In der Geschichte Israels geht es nicht um Daten, Städte und Könige; es geht um Gott. Und was wir aus der nationalen Geschichte Israels lernen, ist: Gott rettet nicht durch Nationen, Tempel, Gesetze, Könige oder Propheten. Gott rettet durch alleinige Gnade, und Gott schenkt Leben sogar nach dem Tod.

Wo ist das Evangelium?

Jesus ist der Höhepunkt der politischen, prophetischen und geistlichen Erwartungen Israels. Jesus ist ein Sohn Davids und der rechtmäßige König Israels (Matthäus 21,9). Er ist der endgültige Tempel und das gelebte Gesetz (Matthäus 5,17). Er ist die erfüllte Prophetie und gleichzeitig der letzte Prophet (Hebräer 1,1-2).

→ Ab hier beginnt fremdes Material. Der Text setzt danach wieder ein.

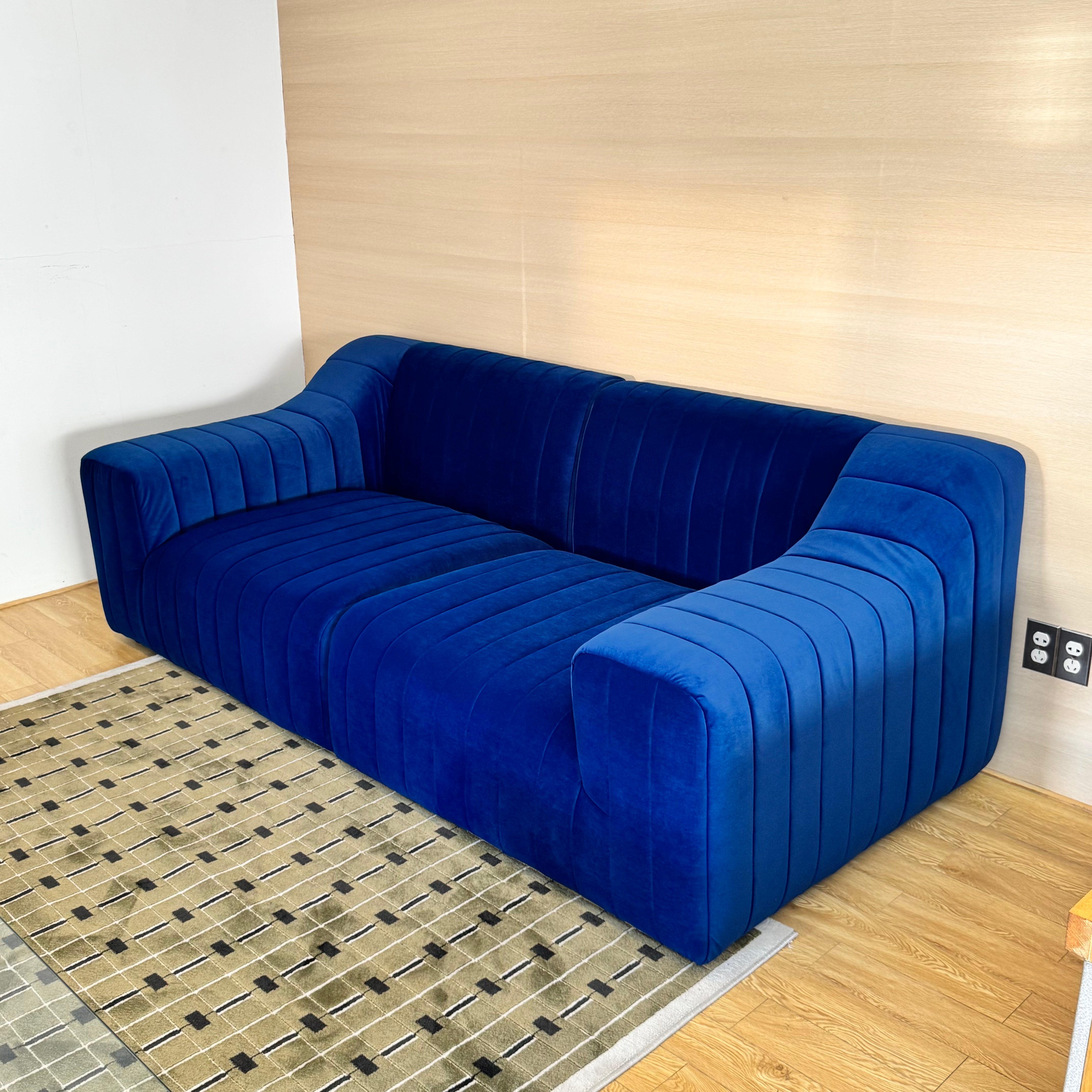 Veluto line sofa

Doch damit Jesus der Erlöser der Geschichte Israels sein kann, muss er geschichtlich sterben. Um Israel zu retten, muss er Israel sein. Um Israel von seiner Sünde zu erlösen und es aus seiner Abgötterei zu befreien, muss er seine Sünde und seine Abgötterei verkörpern (2. Korinther 5,21). Wie Babylon würden die Weltreiche der Sünde und des Todes Jesus überwältigen. Außerhalb der Stadt, von seinen Jüngern abgelehnt, von den Mächten ermordet und von Gott verlassen, durchlebt Jesus noch einmal Israels Geschichte und Israels Tod. Doch wie Jojakims Sohn steht Jesus aus seinem Exil auf und sitzt nun an Gottes Tisch, in Verherrlichung gekleidet – nicht nahe am Zentrum heidnischer Macht, sondern als das Zentrum von Leben, Tod und Universum (Epheser 1,20-21).

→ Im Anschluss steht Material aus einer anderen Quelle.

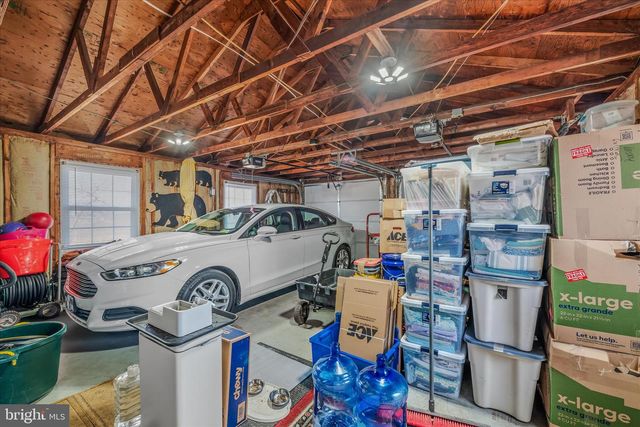 2431 HIGHLAND RIDGE RD, Berkeley Springs, WV 25411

Jesus ist alle Macht gegeben (Matthäus 28,18). Gnädiger als der König von Babylon verspricht er ein Ende unseres Exils auf der Erde, ein Zuhause in seinem Reich und die Auferstehung von den Toten. Jesus verspricht, gebeugte, geschwächte und erniedrigte Menschen wie uns zu erheben und zu stärken. Und er wird sogar unsere Gefängniskleidung gegen Gewänder der Rechtschaffenheit tauschen und uns mit sich an seinen Tisch setzen (Epheser 2,6).

Sieh selbst

Möge der Heilige Geist dir die Augen öffnen, damit du den Gott siehst, der rettet. Und mögest du Jesus als den König sehen, der uns durch alleinige Gnade vom Tod rettet.